=== What is expected ===
Write out exactly, and only, the lines below from the line with "Kombistege Zarges Skymaster X 3-delad - KOMBISTEGE" through the line with "Signature Weddings by Lisa"; pictures do not belong in the copy.

=== Record set ===
* * * *
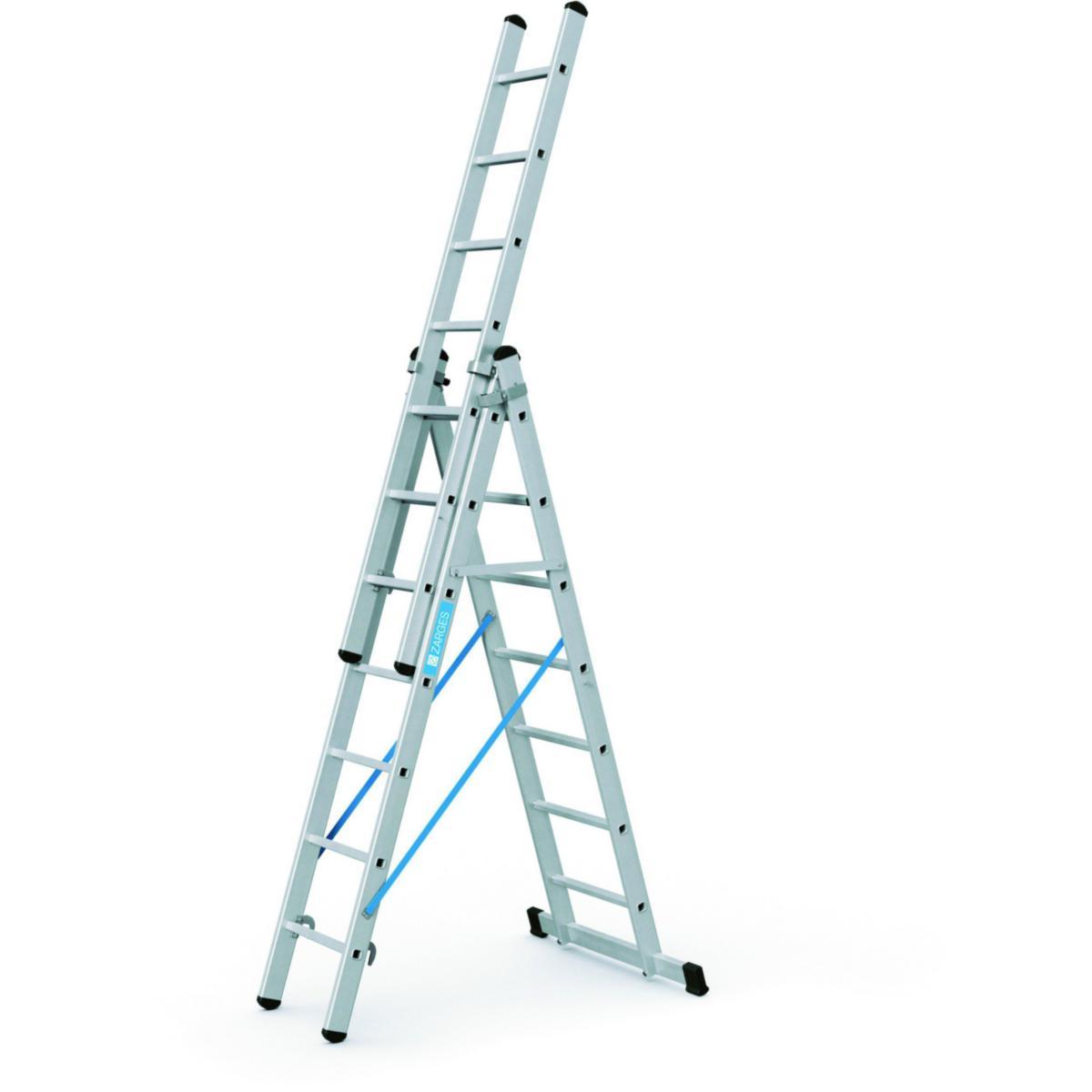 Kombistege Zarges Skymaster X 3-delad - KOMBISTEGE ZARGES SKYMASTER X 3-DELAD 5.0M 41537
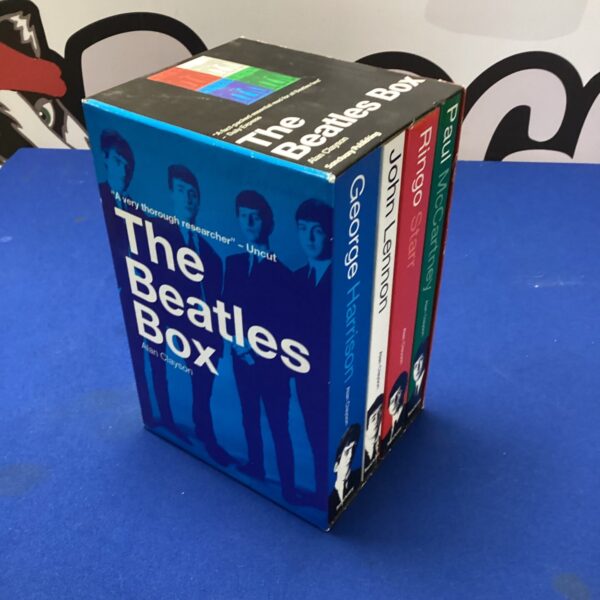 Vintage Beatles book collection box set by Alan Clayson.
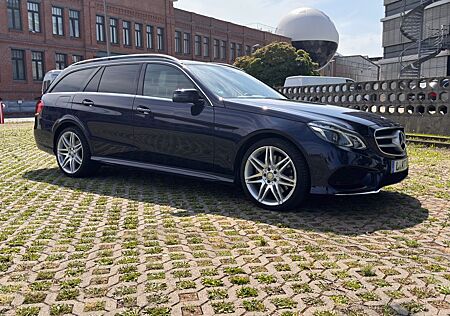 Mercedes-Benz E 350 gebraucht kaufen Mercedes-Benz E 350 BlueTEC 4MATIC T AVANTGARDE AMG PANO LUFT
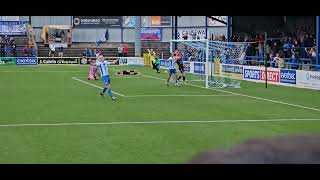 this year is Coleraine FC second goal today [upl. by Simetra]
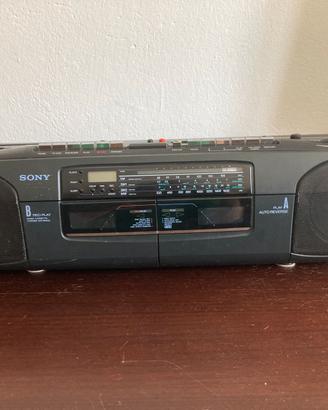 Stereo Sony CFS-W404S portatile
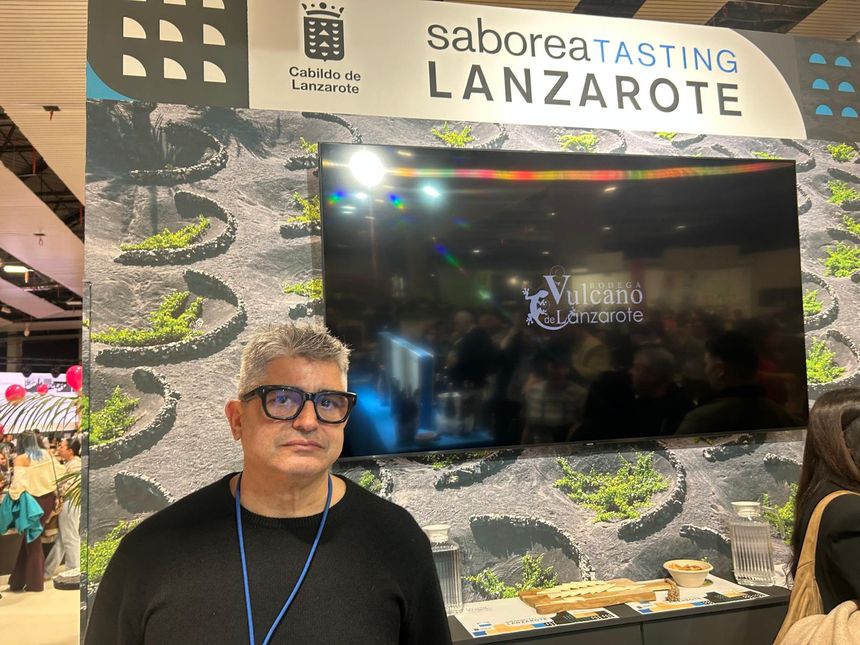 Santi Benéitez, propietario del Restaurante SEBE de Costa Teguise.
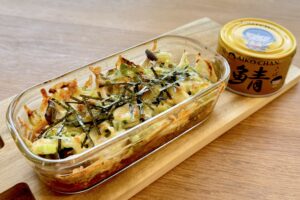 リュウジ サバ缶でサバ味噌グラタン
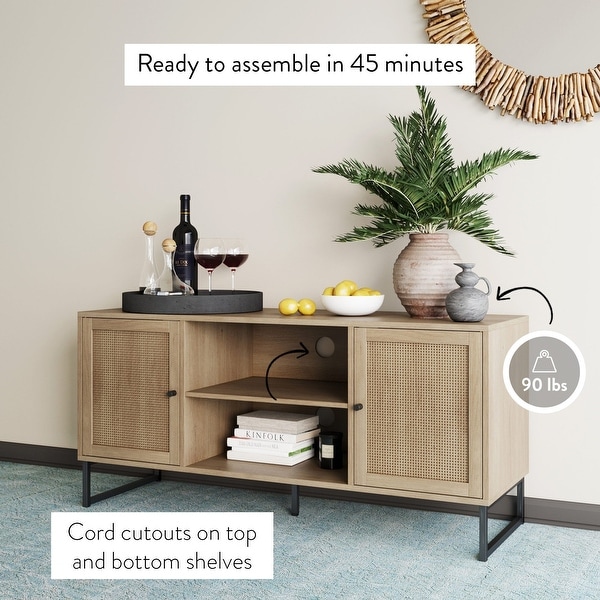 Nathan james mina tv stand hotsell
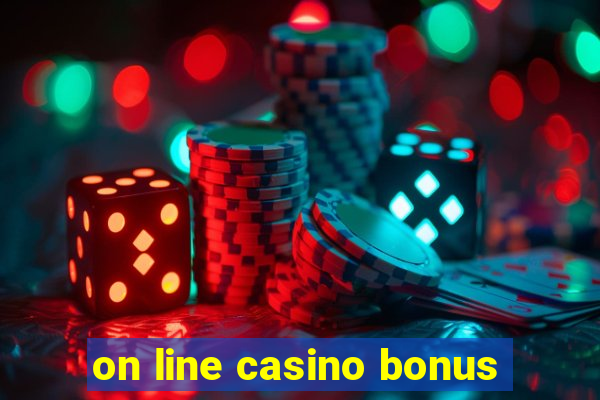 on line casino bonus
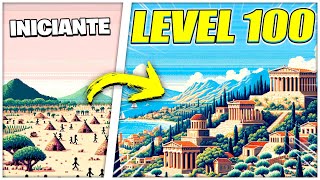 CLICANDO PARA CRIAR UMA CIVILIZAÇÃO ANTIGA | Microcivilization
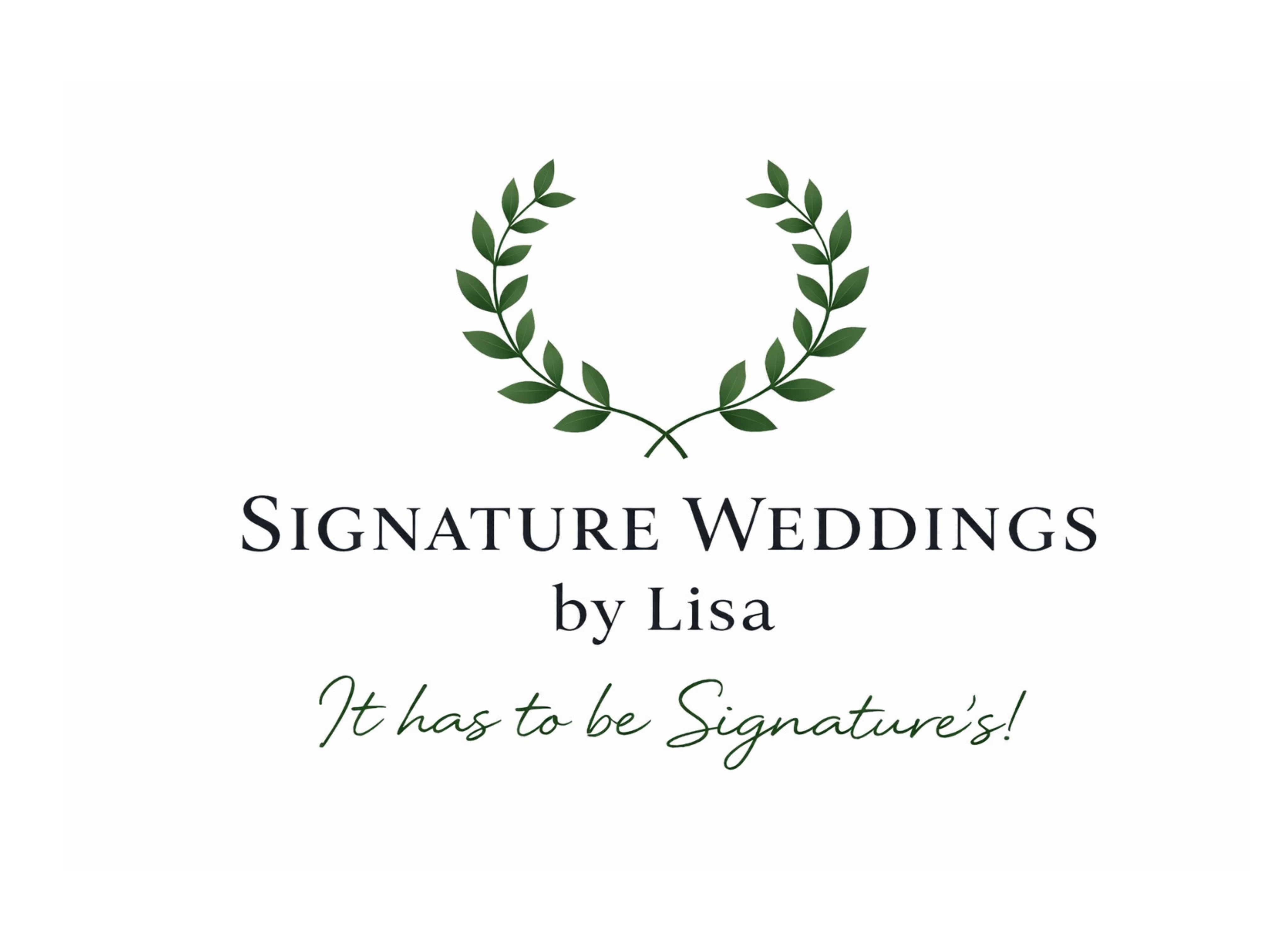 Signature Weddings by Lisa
* * * *
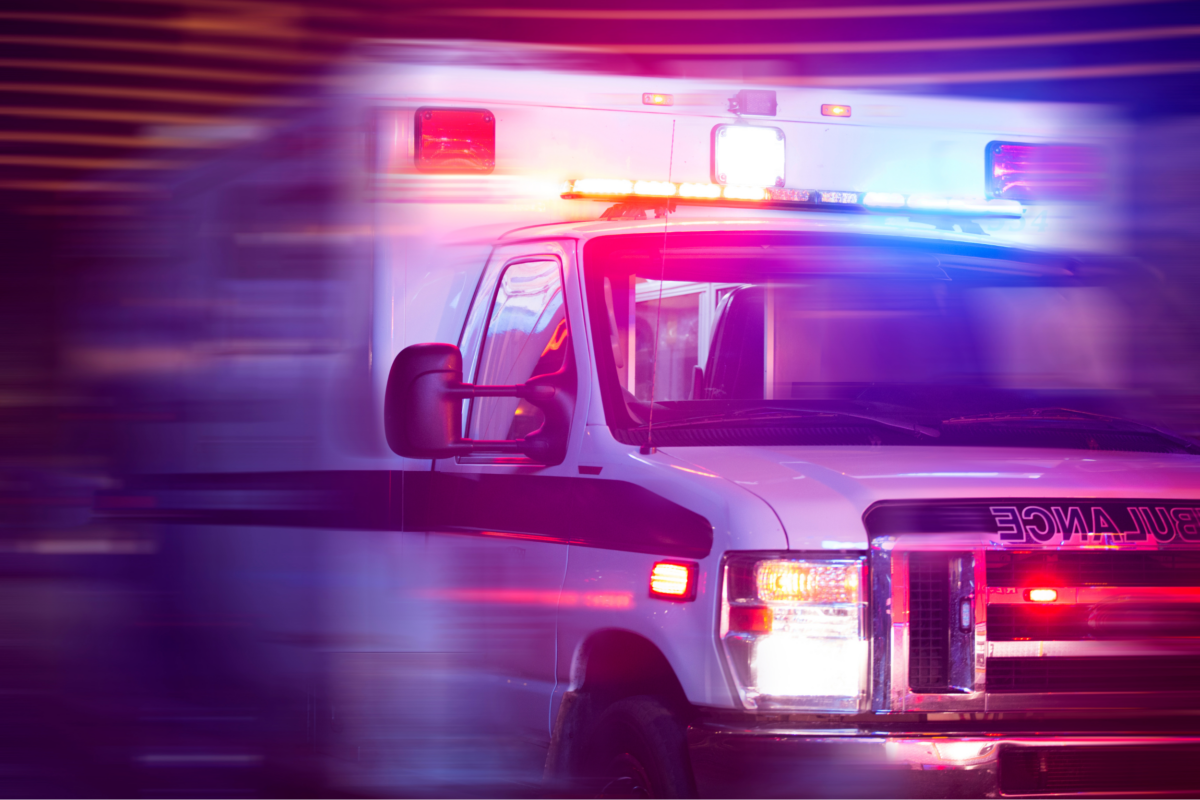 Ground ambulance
* * * *
=== Finished exercise ===
 Kombistege Zarges Skymaster X 3-delad - KOMBISTEGE ZARGES SKYMASTER X 3-DELAD 5.0M 41537
 Vintage Beatles book collection box set by Alan Clayson.
 Mercedes-Benz E 350 gebraucht kaufen Mercedes-Benz E 350 BlueTEC 4MATIC T AVANTGARDE AMG PANO LUFT
 this year is Coleraine FC second goal today [upl. by Simetra]
 Stereo Sony CFS-W404S portatile
 Santi Benéitez, propietario del Restaurante SEBE de Costa Teguise.
 リュウジ サバ缶でサバ味噌グラタン
 Nathan james mina tv stand hotsell
 on line casino bonus
 CLICANDO PARA CRIAR UMA CIVILIZAÇÃO ANTIGA | Microcivilization
 Signature Weddings by Lisa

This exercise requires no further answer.